If this were the only volunteer work Rory did in the park, he would be worthy of this award. However, Rory is a much more involved in the Park than just this project. During one of the picnic building work events, Rory reached out to me an apologized that he had not gotten out onto the trails to clean them up and have them ready for the visiting public.
Deception Pass State Park has approximately 40 miles of hiking trails. During the summer of 2021, as he worked around his picnic table efforts, Rory could be seen in many areas of the park trimming back undergrowth so there is great trail visibility for hiking and enough room on the trails so visitors can pass by one another. The great thing is Rory is aware of when hikers plan to show up in the park. Rory gets much of this work done early in the day as to not infringe upon peaceful hikes.
However, this is not the only work Rory has done in the park. He is relied upon heavily by the Deception Pass Park Foundation to do much of the heavy lifting. This may be taking old appliances out of the park to be recycled because they are no longer serviceable. This includes picking up and installing new appliances for the foundation store. It includes leading large work groups to remove dangerous and dilapidated structures like the old children’s playset at Bowman Bay or the old cook shelter at the Quarry Pond Park residence. Finally, the annual winter storm campground clean-up. This effort takes place every year in January, February, and March following the storm season. As we approach a new storm season, I think back at the devastation that took place on January 12, 2021, with the 82 mile per hour windstorm at Deception Pass. This storm destroyed many parts of the park and Rory was immediately volunteering to help get the park ready for the camping season that starts promptly on April 1 of each year. His efforts are commendable.
In closing, Rory is an individual of impeccable character. He is a thoughtful person who considers others’ thoughts, feelings, and opinions before acting. I think about the first sentence of our own mission statement by the Washington State Parks and Recreation Commission to care “for Washington’s most treasured lands, waters, and historic places.” Rory epitomizes that goal and would represent the agency at the highest level. Rory embodies many of our core values as he volunteers in the park: commitment to stewardship that transmits high quality park assets for future generations, dedication to outdoor recreation and public enjoyment that welcomes all our citizens to their public parks, excellence in all we do, and support for one another. So far, in 2021, Rory has volunteered 58 days in the park.
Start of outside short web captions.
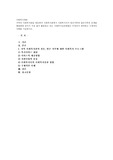 지역의 사회복지관을 방문하여 사회복지관에서 사회복지사가 빈곤가족과 결손가복의 문제를 해결함에 있어서 가장 많이 활용하고 있는 사회복지실천방법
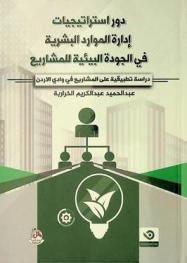  دور استراتيجيات إدارة الموارد البشرية في الجودة البيئية للمشاريع : (دراسة تطبيقية على المشاريع في وادي الأردن)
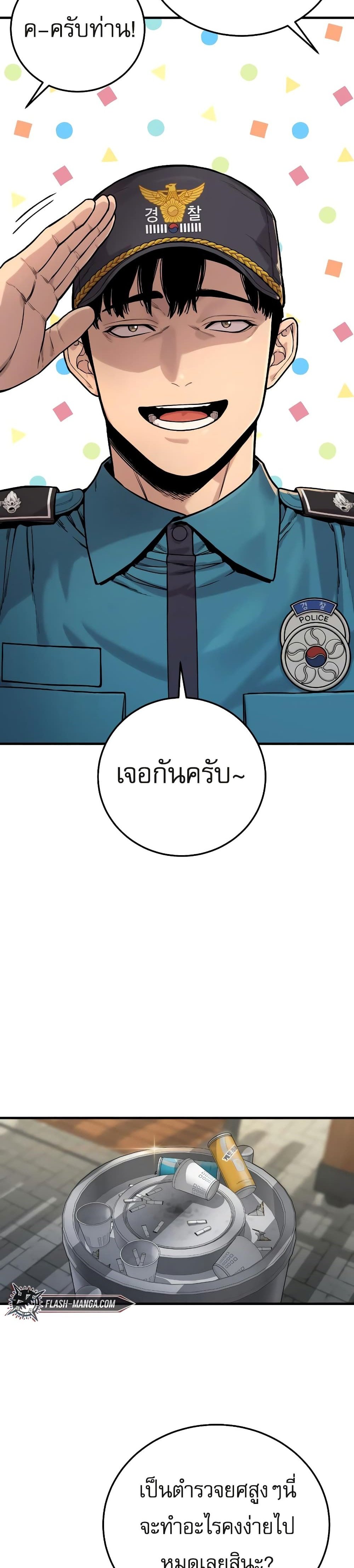 Return of the Bloodthirsty Police ตำรวจนักฆ่า แปลไทย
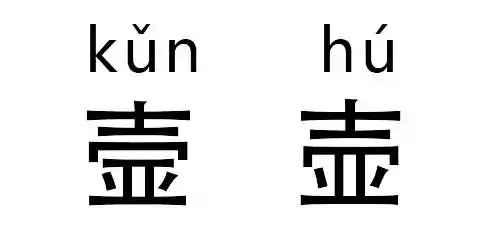 27个最难认汉字，最难认汉字、生僻字和常说又不会写的汉字大全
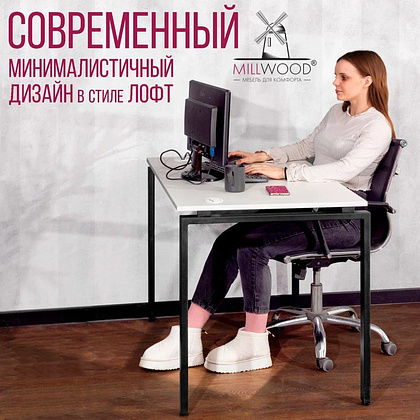 Стол письменный Millwood Лофт Сиэтл (ДТ-5), 1300х700 мм, белый, черный - 5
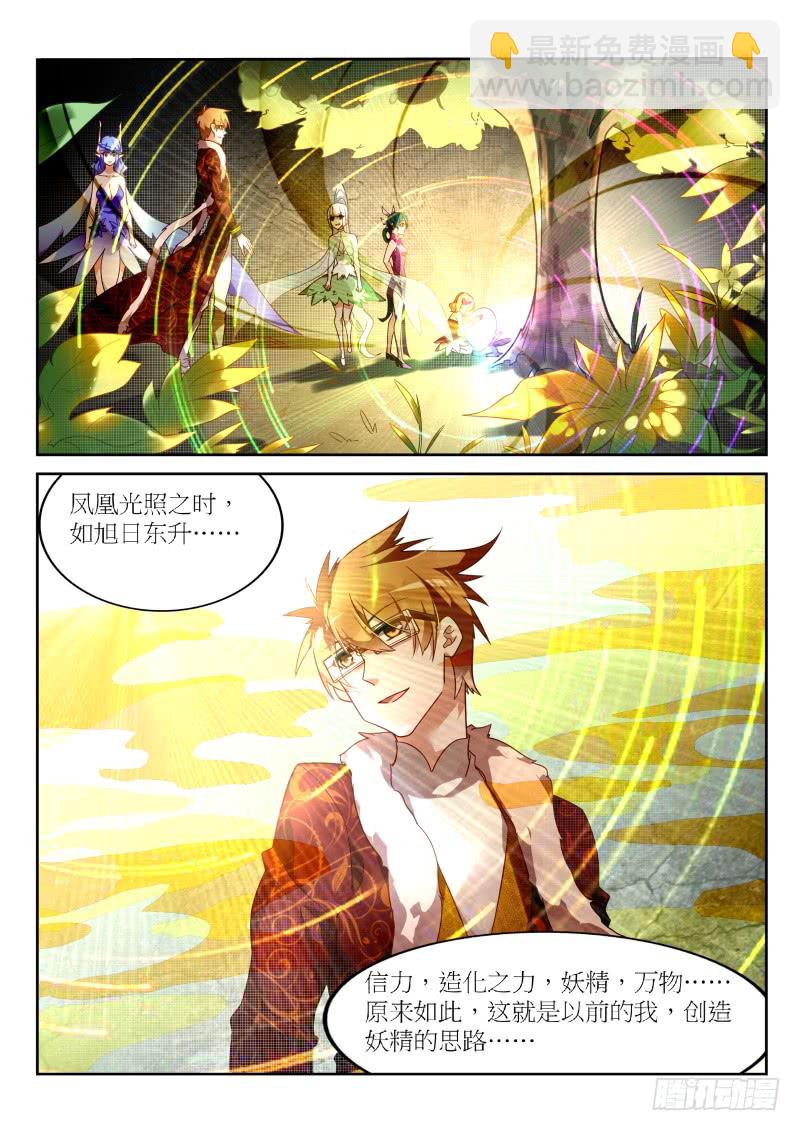 🍜妖精种植手册 395-血魔之血 第11页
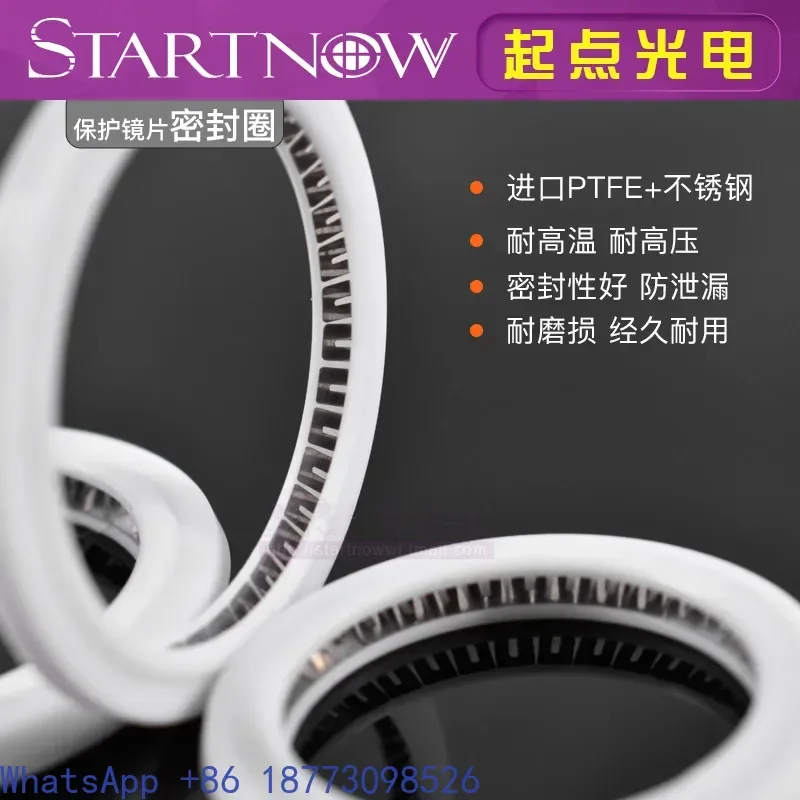 

Защитное уплотнительное кольцо для линз Wanshunxing Kirin Osprey Hanwei Hongshan, прокладка режущей головки из волокна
Rory is a treasured asset to this park and the community. Without volunteers like Rory, this park would struggle to stay on top of the maintenance required for the 360 campsites, over 600 picnic tables, over 100 buildings, and the 40 plus miles of hiking trails. Rory epitomizes the type of individual that Washington State Parks seeks and treasures to maintain our parks and focus their efforts toward excellent stewardship of park resources.